Langeveld won the Omloop Het Nieuwsblad in 2011 after beating Juan Antonio Flecha in a two-up sprint, although this year he feels less pressure for the traditional opening race of the Belgian season.
"I want to peak a bit later this year. That's the difference with 2011 when the Omloop was my primary goal," Langeveld said. "In my first race this season, in Dubai, I felt that my form is good but am not at 100 per cent yet. I want to use Paris-Nice to get to that point. I hope to be good in the other Classics. Therefore I'm going to the Omloop relatively stress-free."
It doesn't mean that Langeveld won't try for a good result if the opportunity arises. "I hope to be there in the final of the race. When there is a chance to win, I won't let it slip. I'll give it 200 per cent."
For Langeveld, Tom Boonen is the man to beat. "He's very motivated to go for a result after last year's crash [in the Tour of Flanders]. I hope to be among a group that sits just below Boonen in terms of favourites with riders like [Greg] Van Avermaet, [Jürgen] Roelandts and [Luca] Paolini. If I succeed in that, everything is possible."
Garmin-Sharp has a strong line-up for the Classics season with former Tour of Flanders winner Nick Nuyens and Paris-Roubaix winner Johan Vansummeren. The quality in the team is not a disadvantage, according to the 29-year old Dutch rider.
"We don't have one captain for a specific race. We'll try to ride strong collectively and end up with as many men as possible in the final to go for victory. The more aces we have to play in the final, the bigger the chances to win are."
Langeveld had a crash with a spectator in the Tour of Flanders in 2012 which resulted in broken collarbone. It meant an end to his ambitions in 2012. In 2013 he returned to the Spring Classics with a consistent string of results, including fifth place at E3 Harelbeke, seventh in Paris-Roubaix and tenth in the Tour of Flanders.
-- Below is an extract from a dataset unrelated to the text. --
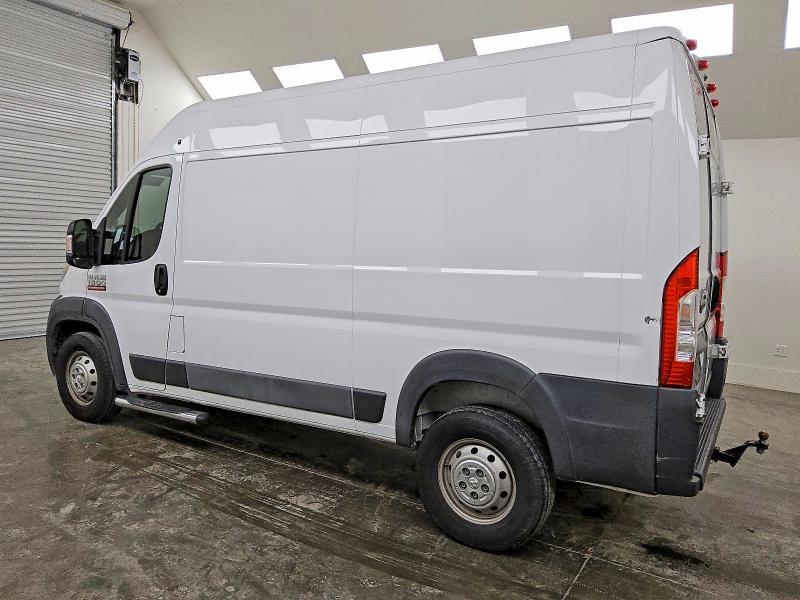 2014 Dodge Ram Promaster 1500 1500 High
"There are only five or six chances for a victory," Langeveld told Algemeen Dagblad. "The pro peloton consists of 200 riders with exceptional results in the youth ranks. Winning is not so evident as it seems. It gets more difficult every year because entire teams now have these races as targets while they prepare during the winter. And then you have guys like Fabian Cancellara, Tom Boonen and Peter Sagan."